We proposed to use a identity mapping to propagate the real-valued information before binarization. The proposed 1-layer-per-block structure with the shortcut bypassing every binary convolutional layers significantly outperforms the original 2-layer-per-block structure in ResNet when weights and activations are binarized. The detailed motivation and discussion can be found in our IJCV paper. Three other proposed training techniques can be found in the ECCV paper.
[November 23rd 2019] We finished the pytorch implementation of training Bi-Real Net from scratch, which is super easy to run. We obtain the same accuracy as reported in the paper. Clone and have a try with our new pytorch implementation!

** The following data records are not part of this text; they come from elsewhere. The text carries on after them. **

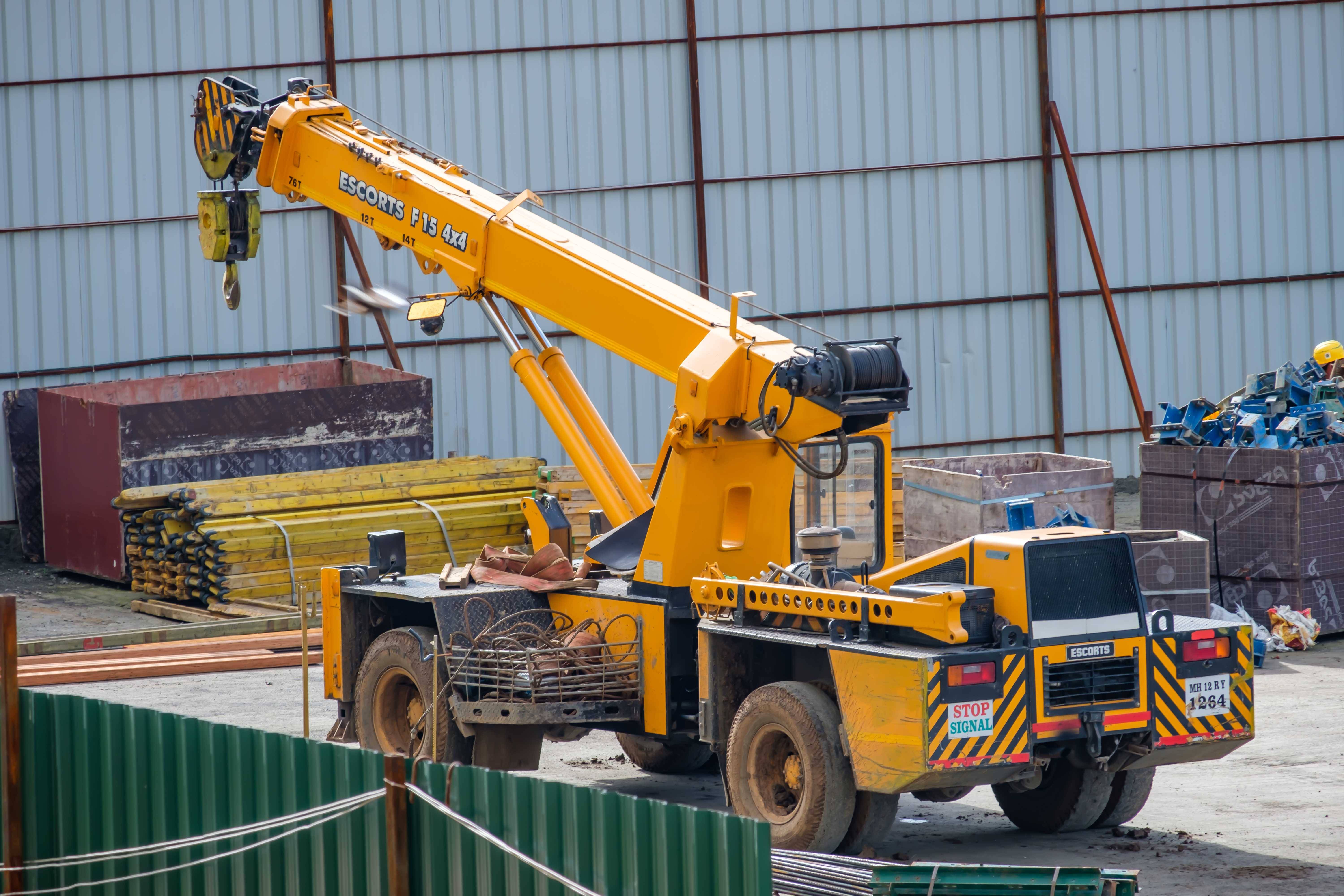 Licence to Operate a Non-Slewing Mobile Crane (CN) - over 3 tonnes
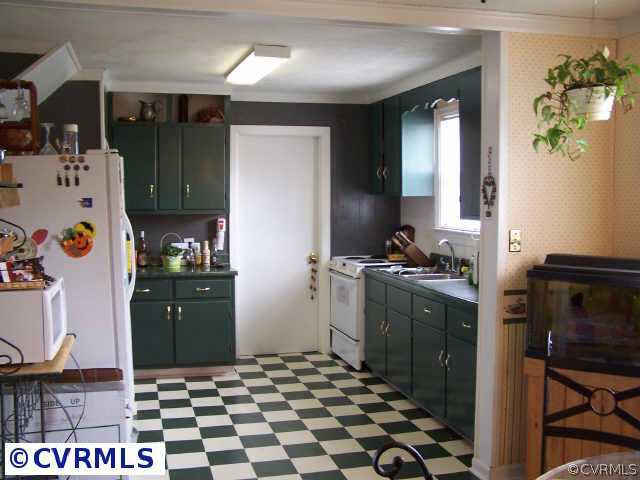 2107 Dumbarton Road Henrico, VA 23228 - Photo 3 of 5 Other - Large kitchen. Painted green cabinets and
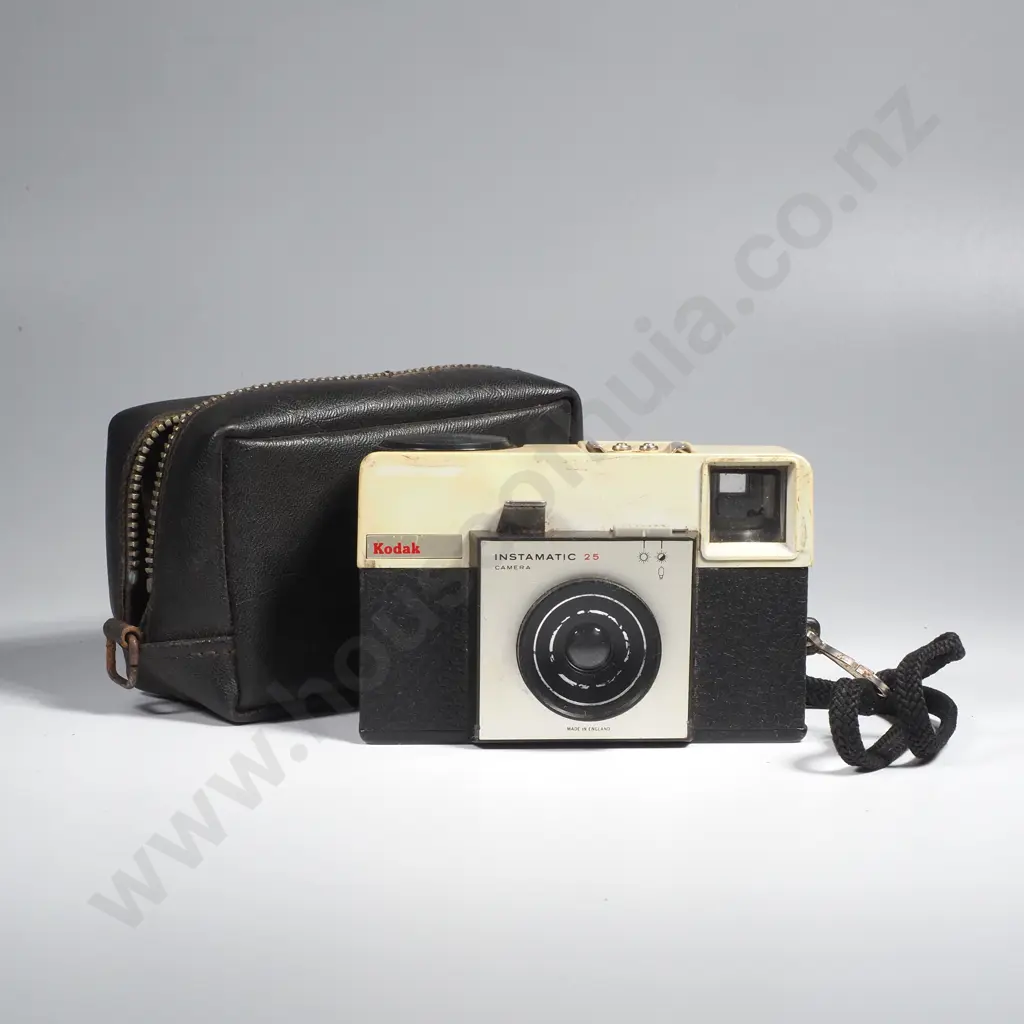 Kodak Instamatic 25 Film Camera (Uses 126 Film Cartridges) Image 1++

[March 28th 2021] Our newest paper "ReActNet: Towards Precise Binary Neural Network with Generalized Activation Functions" achieves 65.8% accuracy on Bi-Real Net-18 structure with simple ReAct functions. Check this paper if you are interested.
If you find this repo useful for your research, please consider citing the paper:
@inproceedings{liu2018bi,
title={Bi-real net: Enhancing the performance of 1-bit cnns with improved representational capability and advanced training algorithm},
author={Liu, Zechun and Wu, Baoyuan and Luo, Wenhan and Yang, Xin and Liu, Wei and Cheng, Kwang-Ting},
booktitle={Proceedings of the European Conference on Computer Vision (ECCV)},
pages={722--737},
year={2018}
}
and
@article{liu2020bi,
title={Bi-real net: Binarizing deep network towards real-network performance},
author={Liu, Zechun and Luo, Wenhan and Wu, Baoyuan and Yang, Xin and Liu, Wei and Cheng, Kwang-Ting},
journal={International Journal of Computer Vision (IJCV)},
volume={128},
number={1},
pages={202--219},
year={2020},
publisher={Springer}
}
To make Bi-Real Net easier to implement. We recently discovered that we can train it from scratch with Adam solver. The start learning rate is 0.001 and linearly decay to 0 after 256 epoches. the batchsize is set to 512. If you want to decrease or increase the batchsize, remember to multiply the learning rate with the same ratio. This implementation is different from that reported in the paper. The difference are mainly three folds:
Caffe implementation in our original paper | Pytorch implementation | |
---|---|---|
Training Technique | Step-by-step finetune | Train from scratch |
Solver | SGD with momentum | Adam |
Data Augmentation | Random crop 224 from 256 | Random rescale with rescale ratio [0.08-1] then random crop 224 from 256 |
Requirements:
This model was trained on ImageNet dataset with 1000 classes and 1.2 million training images and 50k validation images. For each image in the ImageNet dataset, the smaller dimension of the image is rescaled to 256 while keeping the aspect ratio intact. For training, a random crop of size 224 × 224 is selected. Note that, in contrast to XNOR-Net and the full-precision ResNet, we do not use the operation of random resize, which might improve the performance further. For inference, we employ the 224 × 224 center crop from images.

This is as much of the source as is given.